Choose 5 ordered pairs whose first component is the opposite of the second component. Plot these points and connect them. What kind of figure do you get? In what quadrants does the figure lie? Please help me - thanks!
a straight line through the origin that bisects the 2nd and 4th quadrants
Sketch it.
To find 5 ordered pairs where the first component is the opposite of the second component, we can follow these steps:
Step 1: Choose a value for the second component.
Step 2: Make the first component the opposite of the chosen value.
Step 3: Repeat steps 1 and 2 four more times, choosing different values for the second component each time.
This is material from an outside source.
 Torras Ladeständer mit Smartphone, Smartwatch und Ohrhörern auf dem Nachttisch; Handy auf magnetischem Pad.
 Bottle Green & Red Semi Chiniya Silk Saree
Let's go through the steps:
Step 1: Choose a value for the second component. Let's choose -2.
Step 2: Make the first component the opposite of the chosen value. Therefore, the first component would be 2.
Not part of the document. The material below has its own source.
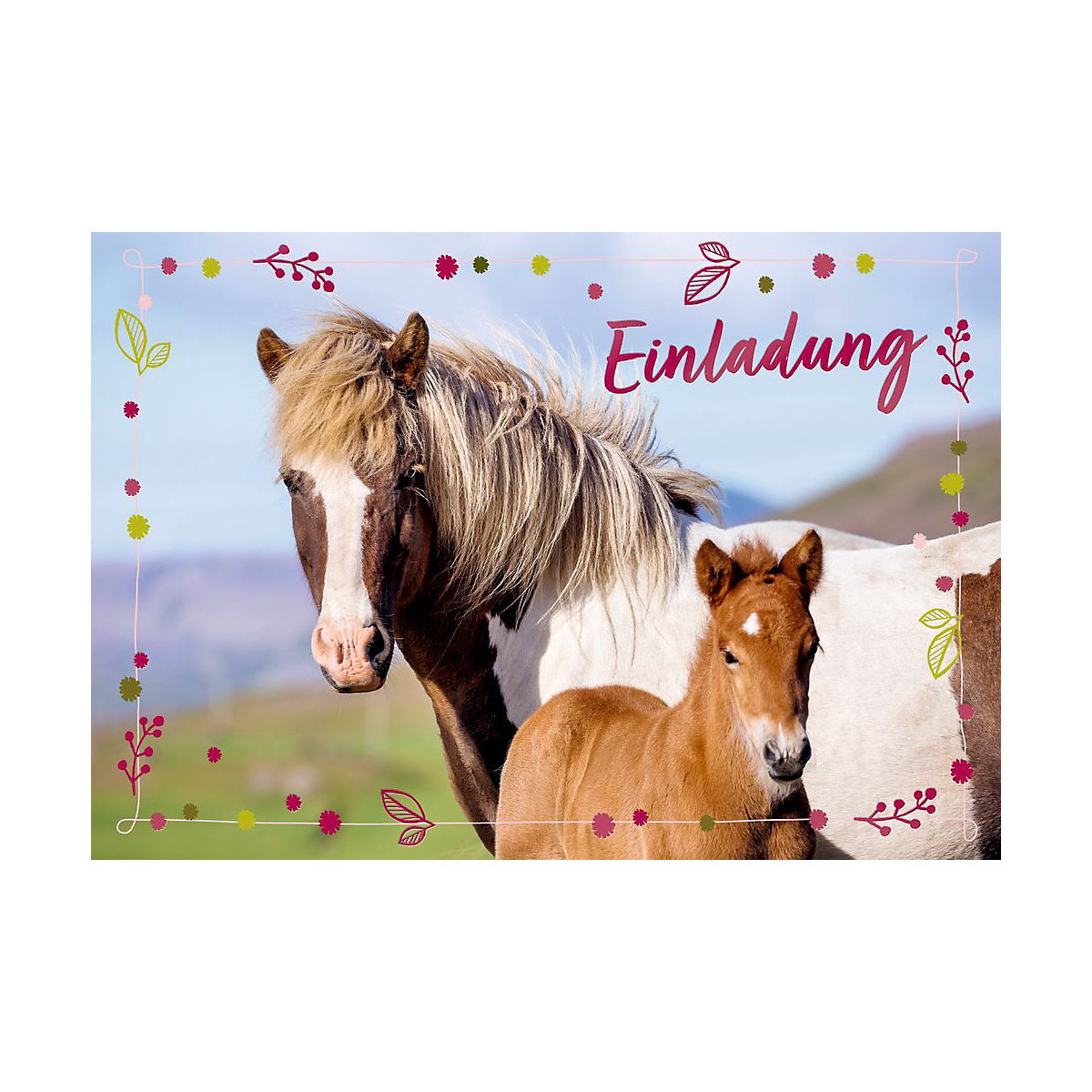 Einladungskarten Pferdefreunde, 10 Stück inkl. Umschlag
Step 3: Repeat steps 1 and 2 four more times, choosing different values for the second component each time.
- For the second pair, let's choose -4. The first component would be 4.
- For the third pair, let's choose -6. The first component would be 6.
- For the fourth pair, let's choose -8. The first component would be 8.
- For the fifth pair, let's choose -10. The first component would be 10.
So, the five ordered pairs are:
(2, -2)
(4, -4)
(6, -6)
(8, -8)
(10, -10)
Now, let's plot these points on a Cartesian plane:
| X (10,-10)
IV | X
|
-----|--------------------
III | X
|
|
-----|--------------------
| X
II |
|
|
-----|--------------------
I | X
|
|
|
|----------------------
I II III IV
Connecting the plotted points, we can see that the figure formed is a straight line passing through the origin (0, 0). The line goes from the second quadrant (II) through the origin to the fourth quadrant (IV).
To find five ordered pairs where the first component is the opposite of the second, you can select any number for the second component and make the first component its opposite. Here are five examples:
1. (-1, 1)
2. (-2, 2)
3. (-3, 3)
4. (-4, 4)
5. (-5, 5)
Now, let's plot these points on a coordinate plane:
| (5, -5)
---------------------
| (4, -4)
---------------------
| (3, -3)
---------------------
| (2, -2)
---------------------
| (1, -1)
---------------------
| (0, 0)
----------------------
| (-1, 1)
---------------------
| (-2, 2)
---------------------
| (-3, 3)
---------------------
| (-4, 4)
---------------------
| (-5, 5)
Now, when we connect these points, we get a straight line passing through the origin (0, 0). This line extends infinitely in both the positive and negative directions.
This figure is a straight line and it lies in quadrants I and III. Quadrant I is located above the x-axis and to the right of the y-axis, while quadrant III is below the x-axis and to the left of the y-axis.